Open GraceHLiu opened 3 years ago
What is the total number of partitions that you get on disk? Having large amount of partitions will definitely slow down make_reader as the underly pyarrow parquet implementation would be scanning for all files in the dataset directory. If number of partitions is large, this directory tree traversal will indeed be expensive.
Thanks for the quick reply! I set repartition=100
resulting each parquet file being 1~10mb but mostly on the smaller side. I guess I could lower the number of repartition since the files are so small. Or do you have a recommended number of partition?
A follow up question: does pyarrow parquet implementation scan all files under the parent uri even if I'm filtering to a specific geohash and file_type?
What is the goal of partitioning into such small files? Typically larger files are more friendly for a distributed file system like HDFS and s3, but again, it depends on the application and your data consumption patterns.
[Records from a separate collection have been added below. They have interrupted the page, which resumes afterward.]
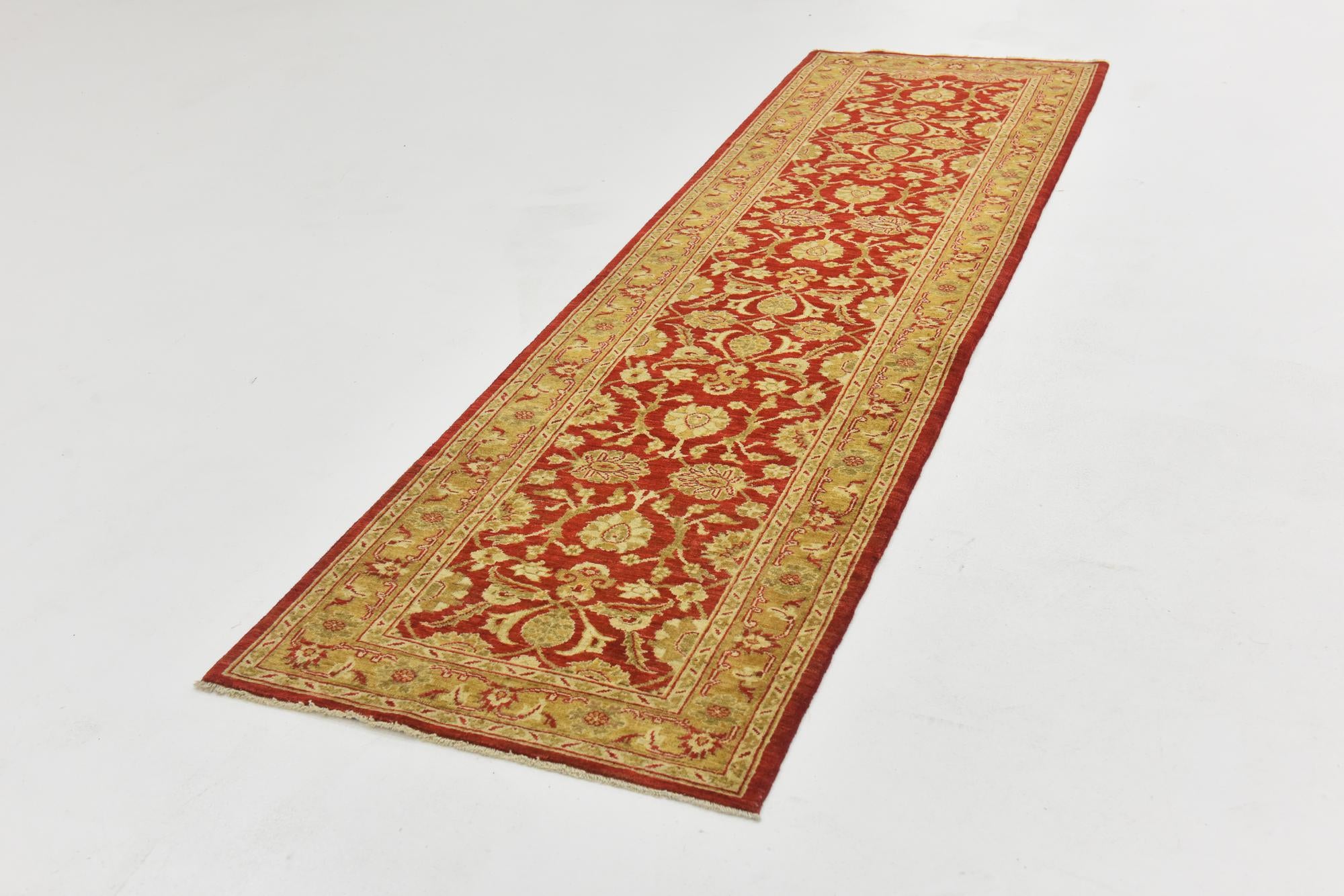 2' 8 x 9' 8 Hand Knotted Peshawar Ziegler Runner Rug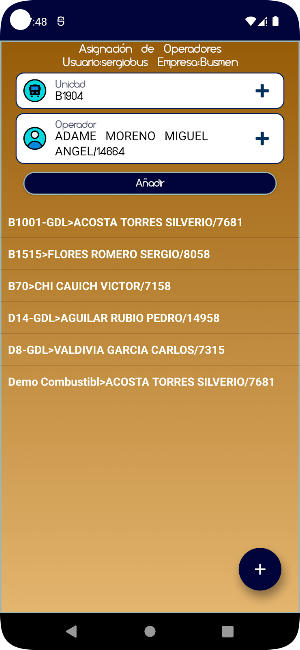 Geo Asignaciones Screenshot 3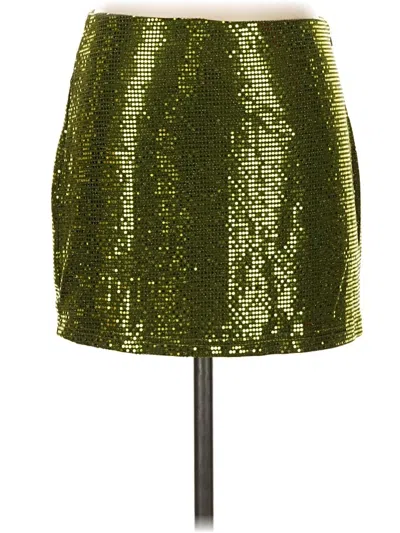 Pre-owned Fashion Nova Casual Skirt In Green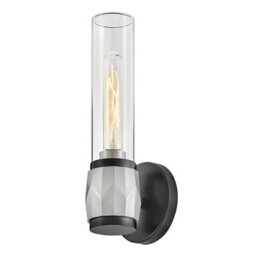 Luminosa Lighting Elstead Hinkley Ellison Bathroom Wall Lamp Contemporary Black, Brushed Nickel Ip44 1X E27 - thumbnail 5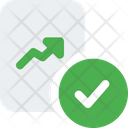 پیش‌نمایش فایل line-chart-check-3295218 از پک عملکرد کسب‌وکار – جلد ۱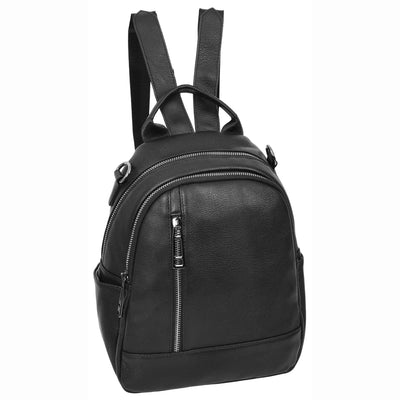 Women's Real Leather Casual Backpack Victoria Black ( Min Order From 10/Pcs )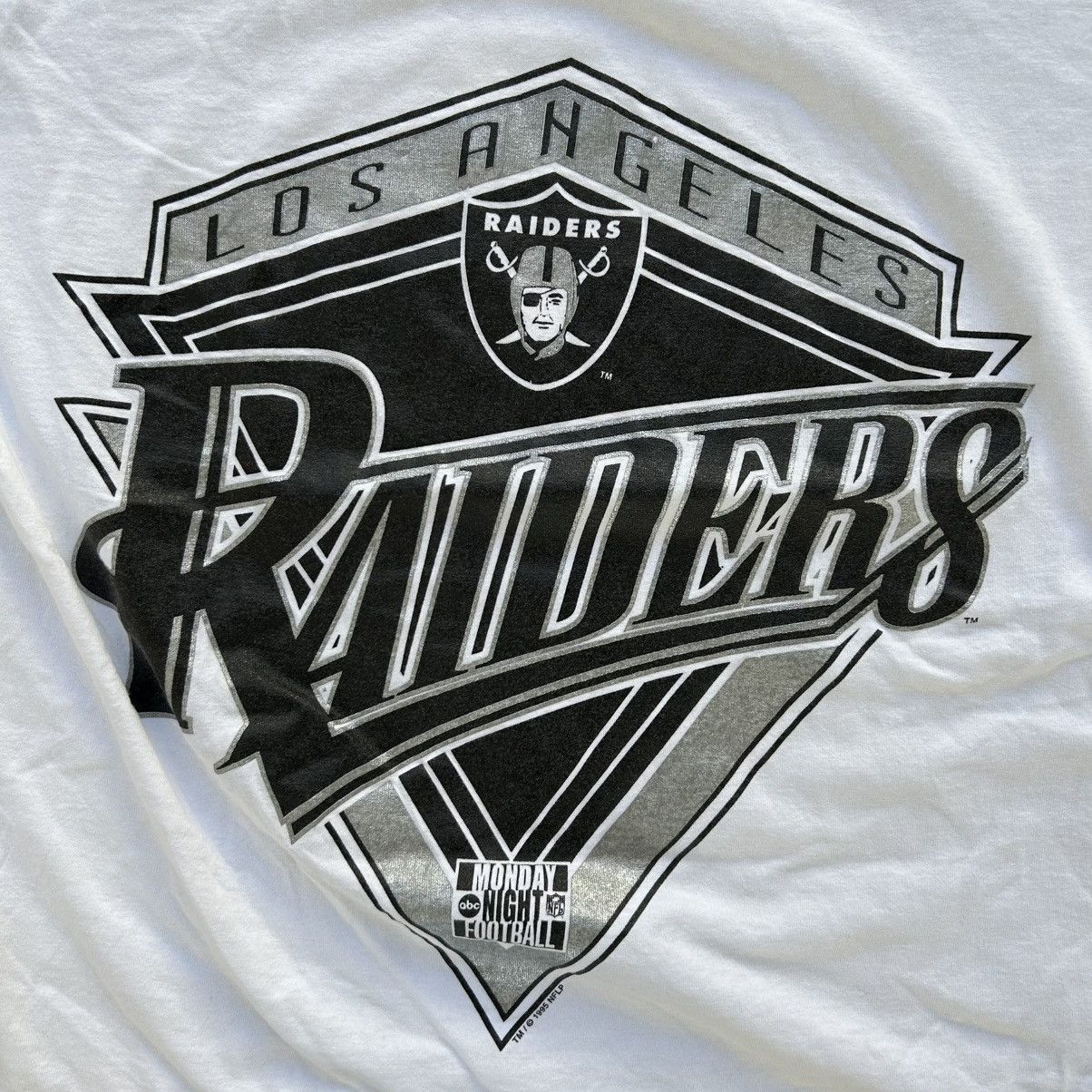 NFL Vintage 1995 Los Angeles Raiders Shirt Monday Night Football Size US XL / EU 56 / 4 - 4 Thumbnail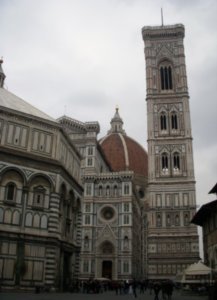 Firenze-Baptistery, Brunelleschi's Dome, Giotto's Bell Tower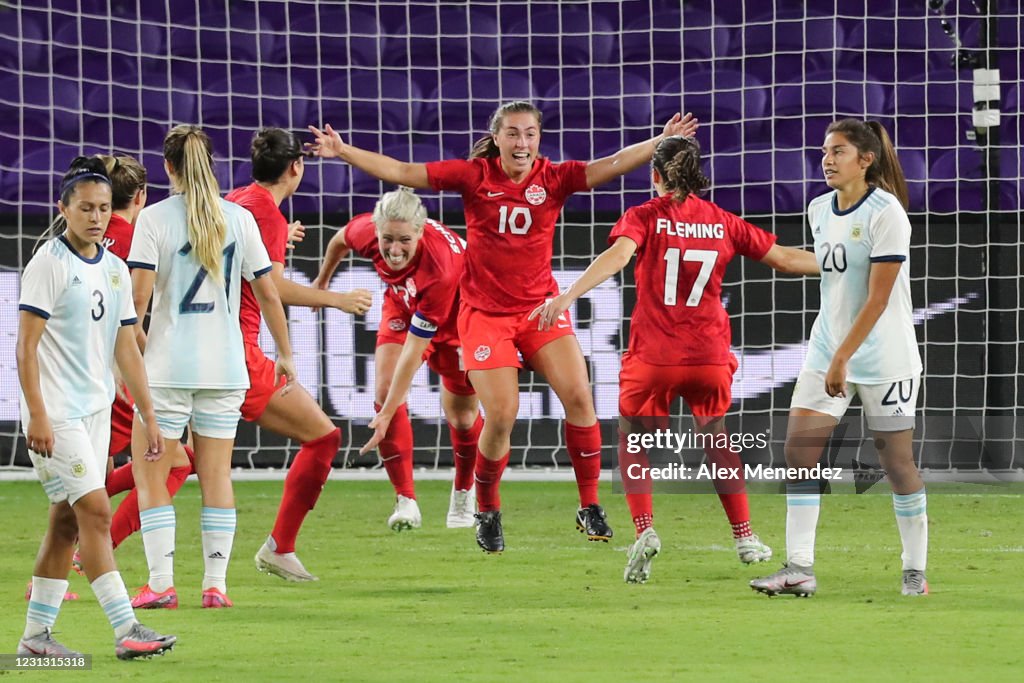 2021 SheBelieves Cup - Argentina v Canada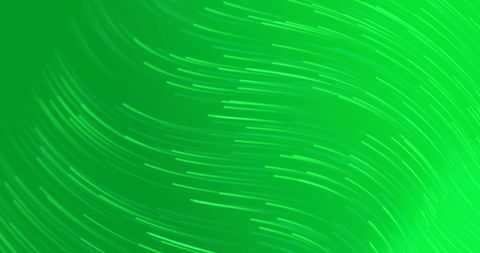 Abstract Glowing Light Trails on Vibrant Green Background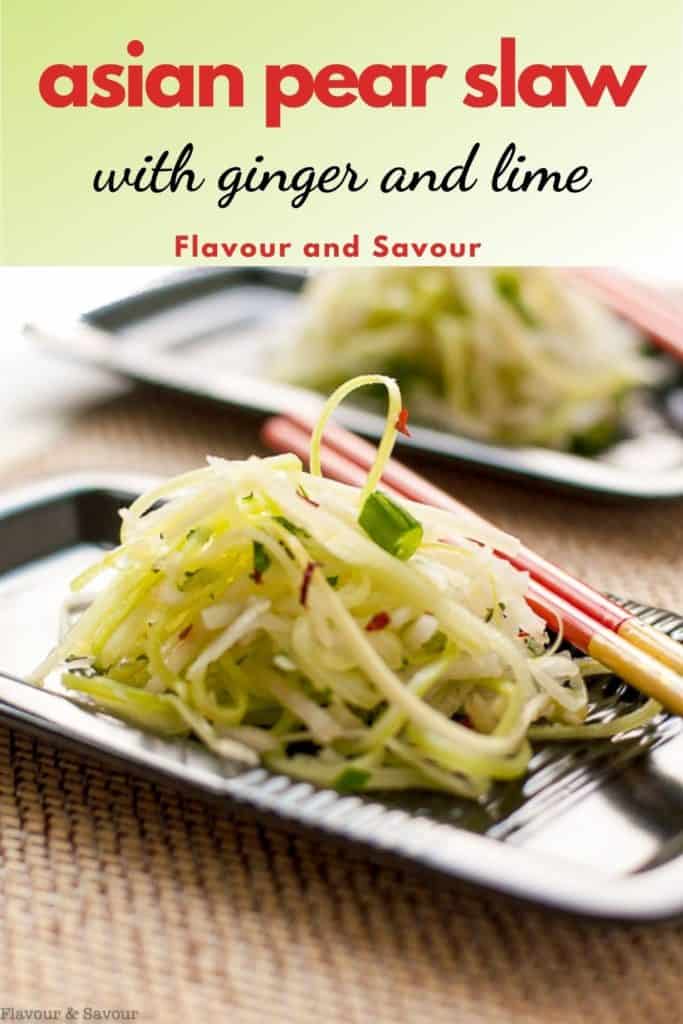 Asian Pear Slaw Image with text overlay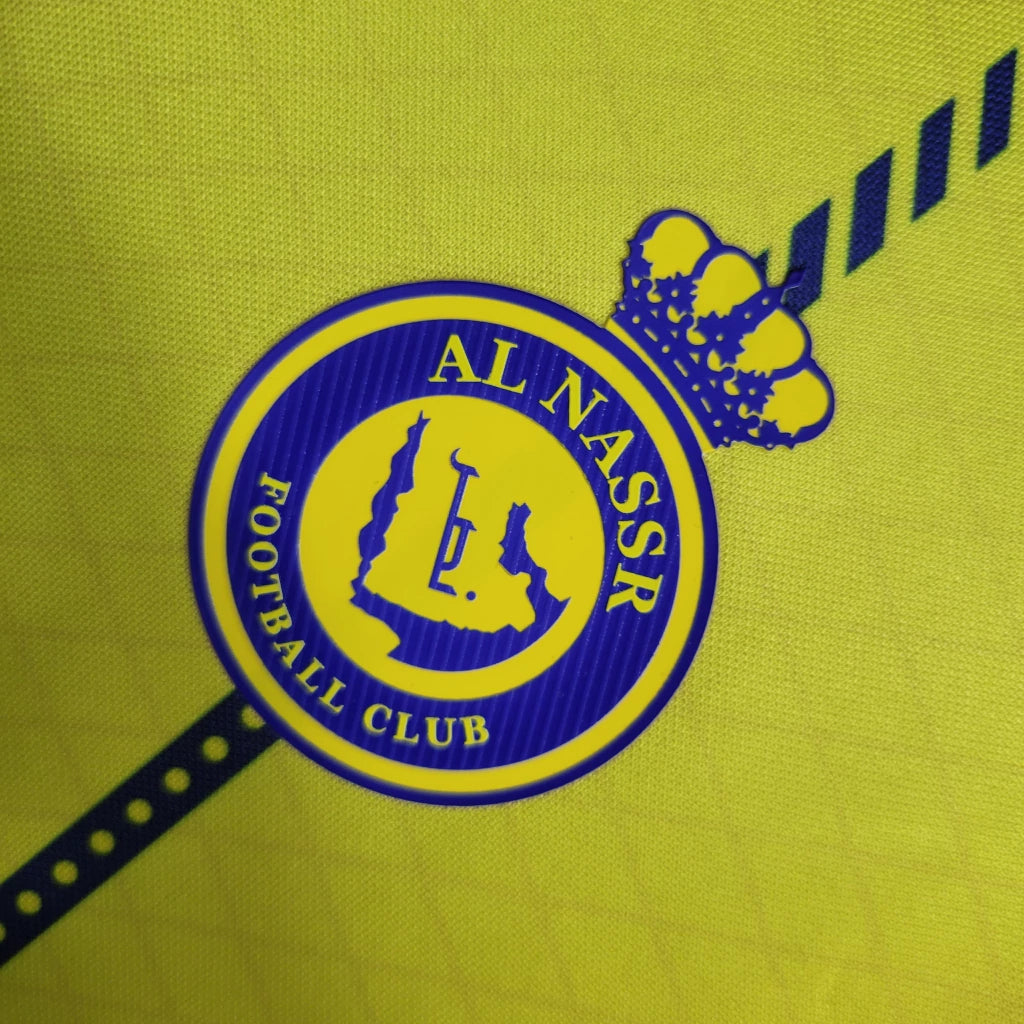 Camisa Al-Nassr I Home Adidas Torcedor 2024/25 Masculino Amarelo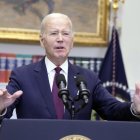 Joe Biden en una conferencia de prensa.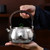 Handmade Pure Silver Kettle Ping Wan San Huan 1200ml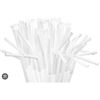 Image 1 : 9X400 Touch Jumbo Flexible Straws, Individually Wrapped, White, 8.25mm x 195mm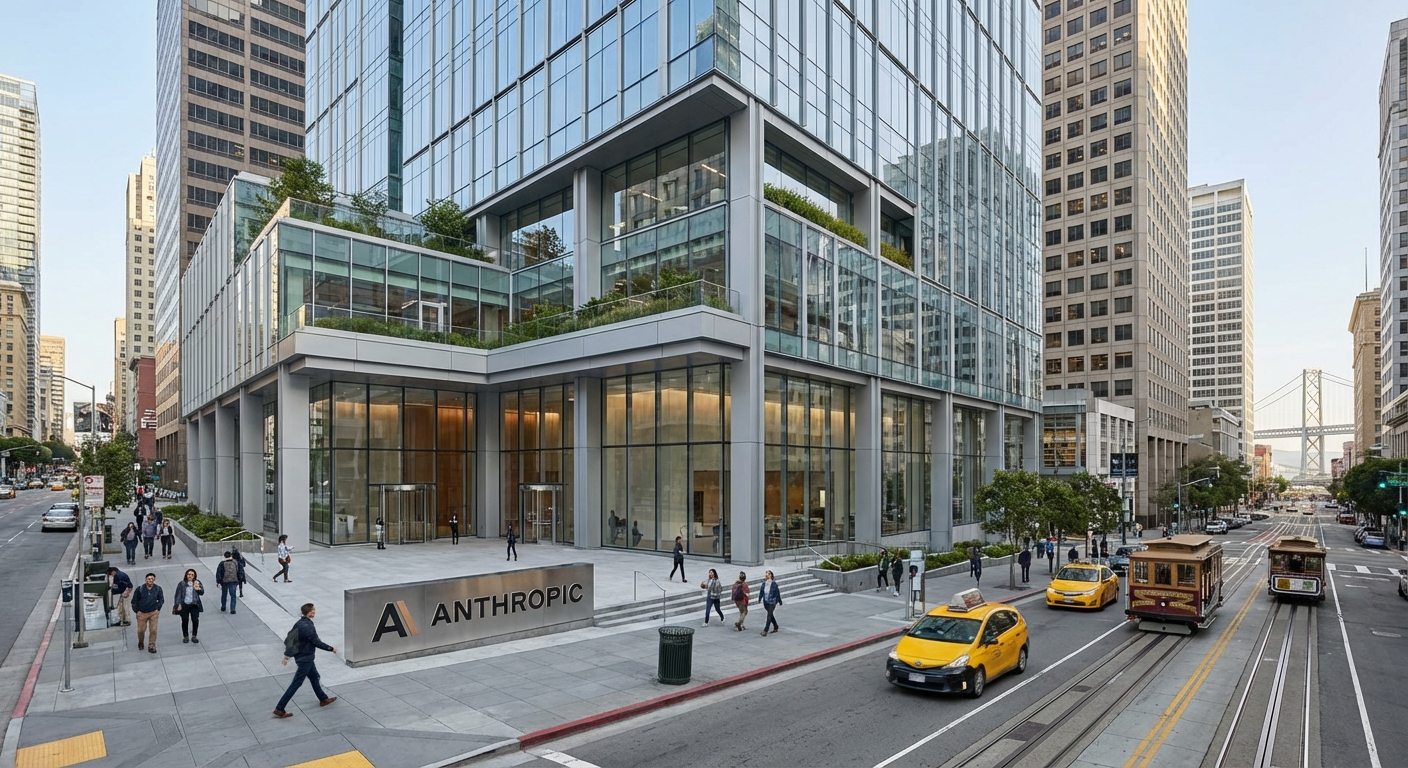 Anthropic anuncia escritório corporativo no centro de San Francisco por R$ 600 milhões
I am not sure about the current implementation of pyarrow. I'd need to step through the code to understand exactly what kind of scanning is going on. I wouldn't be surprised if it would scan all directories recursively.
Are you trying to load data from all partitions at once? If you need access to a single partition, then you could specify partition directory as the path for make_reader and if you are trying to read from all, then having fewer files would help.
What kind of storage are you using? s3, hdfs or something else?
What is the goal of partitioning into such small files? Typically larger files are more friendly for a distributed file system like HDFS and s3, but again, it depends on the application and your data consumption patterns.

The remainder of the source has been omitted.